RESEARCH BRIEFING
02 Mar 2026
Rates to move higher as inflation refuses to play ball in Australia
Strong inflation and jobs data delay disinflation, keeping policy restrictive.
Inflation is back and the Reserve Bank of Australia is springing into action. Capacity constraints, administered prices and tradable goods and services are all pushing underlying inflation higher. Like many (including the RBA), we were caught off guard by the speed at which price pressures built. In turn, we’ve lifted our inflation outlook, with trimmed mean inflation now expected to hit 3.7% in Q2, up from our previous forecast of 3.3%. That will push the RBA to hike again in May – if not earlier.
- Returning price pressures come as the labour market tightens. Unemployment stayed at 4.1% in January, below our and the RBA’s expectations. This is the latest in a string of lower-than-expected prints. In response to that trend, we anticipate more short-term resilience, pushing back unemployment’s peak in our latest baseline from mid-2026 to mid-2027.
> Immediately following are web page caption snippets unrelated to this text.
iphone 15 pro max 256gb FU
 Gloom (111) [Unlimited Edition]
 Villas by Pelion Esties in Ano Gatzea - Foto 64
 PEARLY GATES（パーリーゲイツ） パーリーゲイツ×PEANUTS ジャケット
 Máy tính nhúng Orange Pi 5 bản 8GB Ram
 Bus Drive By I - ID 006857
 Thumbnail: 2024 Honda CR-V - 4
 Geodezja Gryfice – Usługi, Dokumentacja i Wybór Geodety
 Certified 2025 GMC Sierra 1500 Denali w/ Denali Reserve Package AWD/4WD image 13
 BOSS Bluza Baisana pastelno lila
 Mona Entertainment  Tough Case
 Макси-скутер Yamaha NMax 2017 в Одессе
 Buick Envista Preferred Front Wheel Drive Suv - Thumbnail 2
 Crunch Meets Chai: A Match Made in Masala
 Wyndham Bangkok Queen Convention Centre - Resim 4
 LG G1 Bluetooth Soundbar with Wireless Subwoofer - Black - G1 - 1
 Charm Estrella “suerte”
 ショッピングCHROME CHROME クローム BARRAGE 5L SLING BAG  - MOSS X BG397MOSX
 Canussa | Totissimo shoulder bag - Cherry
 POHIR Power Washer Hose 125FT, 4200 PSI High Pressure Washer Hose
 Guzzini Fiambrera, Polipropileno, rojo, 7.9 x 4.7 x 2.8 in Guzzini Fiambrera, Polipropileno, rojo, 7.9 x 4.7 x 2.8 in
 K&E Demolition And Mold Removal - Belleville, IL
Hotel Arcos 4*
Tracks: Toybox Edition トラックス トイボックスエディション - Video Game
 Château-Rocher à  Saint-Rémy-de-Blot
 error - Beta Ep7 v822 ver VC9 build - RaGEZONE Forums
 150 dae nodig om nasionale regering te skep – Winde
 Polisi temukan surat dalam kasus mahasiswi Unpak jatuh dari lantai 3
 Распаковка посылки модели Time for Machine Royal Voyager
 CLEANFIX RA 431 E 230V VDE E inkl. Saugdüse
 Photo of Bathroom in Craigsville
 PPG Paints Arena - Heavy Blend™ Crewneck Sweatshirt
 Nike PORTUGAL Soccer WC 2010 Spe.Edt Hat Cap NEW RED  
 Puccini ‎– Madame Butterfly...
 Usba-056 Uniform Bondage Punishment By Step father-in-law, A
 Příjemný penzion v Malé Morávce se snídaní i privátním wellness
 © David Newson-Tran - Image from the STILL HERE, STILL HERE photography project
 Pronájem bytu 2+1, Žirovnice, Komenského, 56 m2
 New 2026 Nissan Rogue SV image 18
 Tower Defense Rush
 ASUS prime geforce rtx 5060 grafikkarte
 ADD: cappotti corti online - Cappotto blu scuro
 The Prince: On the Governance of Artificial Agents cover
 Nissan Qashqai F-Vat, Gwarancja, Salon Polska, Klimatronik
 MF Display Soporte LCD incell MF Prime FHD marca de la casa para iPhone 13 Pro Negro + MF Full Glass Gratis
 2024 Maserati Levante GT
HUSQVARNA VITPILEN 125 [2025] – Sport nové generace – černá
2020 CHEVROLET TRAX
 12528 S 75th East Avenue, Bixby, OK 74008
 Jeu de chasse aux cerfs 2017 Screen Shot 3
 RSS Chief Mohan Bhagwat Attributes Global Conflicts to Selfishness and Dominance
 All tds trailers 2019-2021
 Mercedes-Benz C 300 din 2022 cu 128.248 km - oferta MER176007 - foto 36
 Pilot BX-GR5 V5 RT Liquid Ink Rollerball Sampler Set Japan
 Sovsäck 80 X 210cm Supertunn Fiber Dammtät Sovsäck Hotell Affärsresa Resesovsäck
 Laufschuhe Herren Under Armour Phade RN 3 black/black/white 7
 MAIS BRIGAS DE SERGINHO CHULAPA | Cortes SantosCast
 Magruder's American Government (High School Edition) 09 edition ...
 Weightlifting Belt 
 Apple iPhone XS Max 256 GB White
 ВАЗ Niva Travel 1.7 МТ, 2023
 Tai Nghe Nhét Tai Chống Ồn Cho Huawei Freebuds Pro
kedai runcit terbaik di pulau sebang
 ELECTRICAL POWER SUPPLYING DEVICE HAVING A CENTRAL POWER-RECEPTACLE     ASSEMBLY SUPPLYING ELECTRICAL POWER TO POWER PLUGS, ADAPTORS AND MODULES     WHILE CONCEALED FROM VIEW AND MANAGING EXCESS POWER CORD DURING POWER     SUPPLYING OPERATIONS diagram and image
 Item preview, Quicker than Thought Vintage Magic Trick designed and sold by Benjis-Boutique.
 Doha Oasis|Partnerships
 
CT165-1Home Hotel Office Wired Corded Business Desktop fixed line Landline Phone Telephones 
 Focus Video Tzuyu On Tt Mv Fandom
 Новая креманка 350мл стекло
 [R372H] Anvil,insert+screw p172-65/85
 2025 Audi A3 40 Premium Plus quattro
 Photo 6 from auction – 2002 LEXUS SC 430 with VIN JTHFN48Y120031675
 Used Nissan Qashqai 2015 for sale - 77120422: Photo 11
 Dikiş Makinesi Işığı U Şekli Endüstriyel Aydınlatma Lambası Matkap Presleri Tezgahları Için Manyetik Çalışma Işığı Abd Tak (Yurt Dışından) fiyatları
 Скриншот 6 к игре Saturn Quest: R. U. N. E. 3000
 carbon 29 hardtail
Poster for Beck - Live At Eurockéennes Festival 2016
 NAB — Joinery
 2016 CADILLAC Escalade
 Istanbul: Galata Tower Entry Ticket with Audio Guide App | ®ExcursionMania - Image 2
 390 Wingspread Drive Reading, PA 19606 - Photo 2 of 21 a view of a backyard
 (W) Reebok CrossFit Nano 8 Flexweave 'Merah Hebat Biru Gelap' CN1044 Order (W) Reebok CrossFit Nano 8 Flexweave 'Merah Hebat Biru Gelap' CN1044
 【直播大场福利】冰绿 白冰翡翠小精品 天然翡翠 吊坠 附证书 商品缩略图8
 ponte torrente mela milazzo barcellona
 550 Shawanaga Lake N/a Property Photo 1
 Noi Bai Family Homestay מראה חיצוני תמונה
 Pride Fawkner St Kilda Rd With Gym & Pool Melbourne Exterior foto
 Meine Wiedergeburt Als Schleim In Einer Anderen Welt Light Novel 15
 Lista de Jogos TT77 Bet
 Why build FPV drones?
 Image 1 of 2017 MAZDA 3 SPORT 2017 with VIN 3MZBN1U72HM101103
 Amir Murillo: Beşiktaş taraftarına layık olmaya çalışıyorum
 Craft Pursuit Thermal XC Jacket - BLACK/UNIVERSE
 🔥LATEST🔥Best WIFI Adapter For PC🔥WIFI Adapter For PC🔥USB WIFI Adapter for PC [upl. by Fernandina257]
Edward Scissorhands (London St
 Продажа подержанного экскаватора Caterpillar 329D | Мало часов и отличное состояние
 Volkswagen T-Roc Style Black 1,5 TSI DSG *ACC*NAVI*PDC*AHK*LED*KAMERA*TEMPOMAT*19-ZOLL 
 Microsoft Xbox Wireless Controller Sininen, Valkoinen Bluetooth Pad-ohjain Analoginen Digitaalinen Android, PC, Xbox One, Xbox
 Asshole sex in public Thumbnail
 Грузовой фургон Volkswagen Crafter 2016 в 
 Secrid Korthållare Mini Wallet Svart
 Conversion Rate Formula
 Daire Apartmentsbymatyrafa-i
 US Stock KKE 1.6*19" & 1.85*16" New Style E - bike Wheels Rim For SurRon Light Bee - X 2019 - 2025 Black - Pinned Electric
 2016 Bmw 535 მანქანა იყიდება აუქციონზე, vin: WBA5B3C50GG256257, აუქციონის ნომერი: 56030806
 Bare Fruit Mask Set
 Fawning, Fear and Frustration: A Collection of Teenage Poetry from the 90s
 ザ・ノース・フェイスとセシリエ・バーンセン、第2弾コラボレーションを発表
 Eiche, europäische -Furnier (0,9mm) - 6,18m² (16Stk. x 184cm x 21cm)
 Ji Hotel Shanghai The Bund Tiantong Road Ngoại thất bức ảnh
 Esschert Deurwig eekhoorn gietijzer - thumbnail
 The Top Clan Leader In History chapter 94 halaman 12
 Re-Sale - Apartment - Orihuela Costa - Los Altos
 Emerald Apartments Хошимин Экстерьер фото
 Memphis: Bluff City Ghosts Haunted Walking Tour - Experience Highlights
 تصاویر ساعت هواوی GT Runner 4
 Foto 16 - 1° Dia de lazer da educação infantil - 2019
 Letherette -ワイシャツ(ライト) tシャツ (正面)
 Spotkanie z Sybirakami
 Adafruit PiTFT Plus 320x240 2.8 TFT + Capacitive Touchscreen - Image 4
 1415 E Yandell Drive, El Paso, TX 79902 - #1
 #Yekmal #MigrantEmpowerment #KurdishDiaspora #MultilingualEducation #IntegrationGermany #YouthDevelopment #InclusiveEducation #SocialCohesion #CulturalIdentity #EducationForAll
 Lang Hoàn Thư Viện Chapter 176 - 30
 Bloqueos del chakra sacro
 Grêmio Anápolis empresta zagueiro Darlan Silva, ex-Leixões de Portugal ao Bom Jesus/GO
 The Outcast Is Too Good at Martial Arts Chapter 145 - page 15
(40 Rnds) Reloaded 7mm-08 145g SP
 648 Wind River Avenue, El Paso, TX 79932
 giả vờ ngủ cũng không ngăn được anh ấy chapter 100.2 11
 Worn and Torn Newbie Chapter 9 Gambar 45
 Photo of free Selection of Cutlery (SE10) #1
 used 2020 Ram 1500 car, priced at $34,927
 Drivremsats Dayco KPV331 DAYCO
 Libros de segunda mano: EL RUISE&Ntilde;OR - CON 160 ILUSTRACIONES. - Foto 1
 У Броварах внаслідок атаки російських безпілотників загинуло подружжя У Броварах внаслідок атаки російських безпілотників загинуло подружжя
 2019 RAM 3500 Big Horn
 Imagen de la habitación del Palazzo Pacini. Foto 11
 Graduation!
- Higher inflation and interest rates will drag GDP growth down a fraction this year relative to our January forecasts. But lower unemployment and a sturdy building pipeline will cap the downgrade at just 0.1 ppt.
- Business investment has accelerated on the back of a surge in data-centre construction, transport projects and utilities. As work starts on the Brisbane 2032 Olympics, non-residential buildings will get another nudge higher. Meanwhile, strong population growth and a chronic undersupply of dwellings will support residential building. As for property prices, higher interest rates and affordability constraints will see momentum fade in the second half of the year, leaving price growth solid but not rocketing.